SON TV

Şampiyon Galatasaray MP

Sportif başarı nasıl gelir; öncelikle hedefler konulmalı, o hedefe uygun bütçe ve başarıya koşacak sağlam bir ekip oluşturulmalı, disiplinli bir şekilde çalışılmalı, yeni planlar üretilebilmeli ve tüm bunların yanında kazanmayı kendisine hayat felsefesi edinmiş bir liderinde varsa başarı doğal olarak gelecektir.

Galatasaray son birkaç yıldır basketbola yaptığı yatırımların karşılığını bu sene Beko Basketbol Ligini Şampiyon tamamlayarak almayı başardı. İki yıl önce Oktay Mahmuti ile çıktıkları bu yolda BBL finali oynayıp kaybettiler ertesi yıl Euroleague’te iddialarını Top 16’daki son maça kadar taşıdılar, yenilmez CSKA Moskova’ya o sezonki ilk Euroleague mağlubiyetini yaşattılar ve bunların yanında takım olarak çok büyük tecrübe kazandılar. Ancak bir şey eksik kalıyordu yönetimin ve taraftarın çok istediği şampiyonluk halen gelmemişti. Bu senenin başında gerek kadroda gerek teknik heyette değişikliğe gidip antrenörlük görevine başarılara alışkın, geçtiğimiz yılın üç kupalı şampiyon hocası Ergin Ataman’ı getirdiler.

Hocanın çalışmakta sıkıntı yaşamayacağı tecrübeli ve kaliteli bir kadro oluşturdular. Sezon içinde takım iyi giderken büyük talihsizlikler de yaşanmadı değil, kadroda önemli yer tutan, Henry Domercant, Göksenin Köksal ve Engin Atsür sakatlık nedeniyle sezonu kapatırken, takımın lideri konumundaki David Hawkins dopingten dolayı ceza almıştı üst üste gelen sakatlıklar ve cezalar takımı yıpratsa da pes etmediler.

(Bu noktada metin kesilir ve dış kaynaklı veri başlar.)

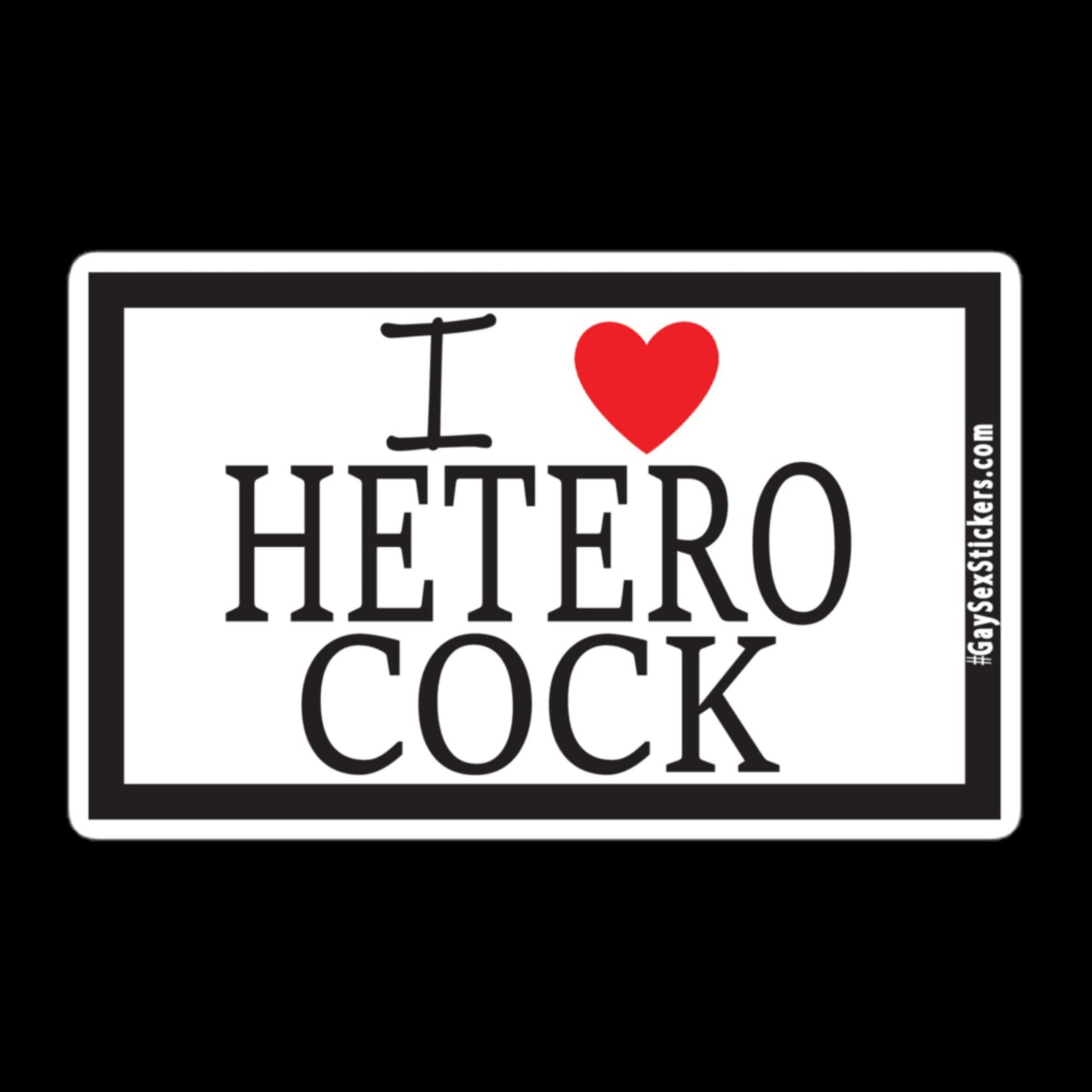 I Heart Hetero Cock Sticker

Hawkins’in boşluğunu geçen sene Beşiktaş’ta çok başarılı bir yıl geçirip takımının kazandığı kupalarda katkısı çok büyük olan Carlos Arroyo transfer edildi ve takımdaki liderlik görevi ona verildi, aldığı sorumluluğun farkında olan Arroyo bu görevi yapılabilecek en iyi şekilde yerine getirdi.

Yaşanan sakatlıklar, cezalar takımı yıpratmıştı ama düştükleri gibi kalkmayı da bildiler ve yaşanan aksiliklere rağmen takım öyle bir ivme yakalandı ki yazarken ya da söylerken kolay geliyor ama sezonun 13. haftasındaki Banvit maçından sonra yine Banvit’le oynadıkları Play off Final serisi 4. maçındaki yenilgiye kadar üst üste 25 maç kazandılar ki bu da takımın kazanmaya ne kadar iştahlı olduğunu ve işler ne kadar zora girerse girsin Final serisi 3. Maçında olduğu gibi bu maçta fark Banvit lehine 17 sayıya kadar çıkmasına rağmen maçı 72-71 çevirmeyi başardılar ya da kaybedilen 4. maçta bile kötü oynamalarına rağmen mücadeleden vazgeçmediklerini, son saniyeye kadar topu kovaladıklarını gösterdiler.

Takım oyun içinde zorlandığı zamanlarda sürekli olarak hazır halde bekleyen A, B ve C planları vardı. Çoğu maçta Arroyo takımı sırtlarken kimi zaman Ender, Gordon, Markoishvili ve son maçta görüldüğü üzere Cenk Akyol skora katkıda bulunuyordu. Kısacası kadroda bulunan oyuncuların hiç biri sorumluluk almaktan kaçınmadı ki bu da takım olmanın en büyük göstergesidir.

Onlar arzuladılar, çalıştılar, yenilgiyi kabul etmediler, mücadeleden vazgeçmediler ve sonunda 23 yıl aradan sonra çok istedikleri şampiyonluğa bileklerinin hakkıyla ulaşmayı başardılar. Gelecek sezon için hedef Euroleague’te büyük işler başarmak olmalı, tabi ki orası Avrupa basketbolun en üst seviyesi ama Ergin Ataman gibi sürekli hedef büyüten ve başarılı olan bir antrenöre sahip takımın birkaç iyi takviyeyle Final-Four’u zorlaması hayal olmaz ve son olarak şampiyon takımın tüm oyuncularını ve teknik ekibini biz basketbol severlere seyir zevki yüksek basketbol izlettirdikleri için tebrik ve teşekkür ederim.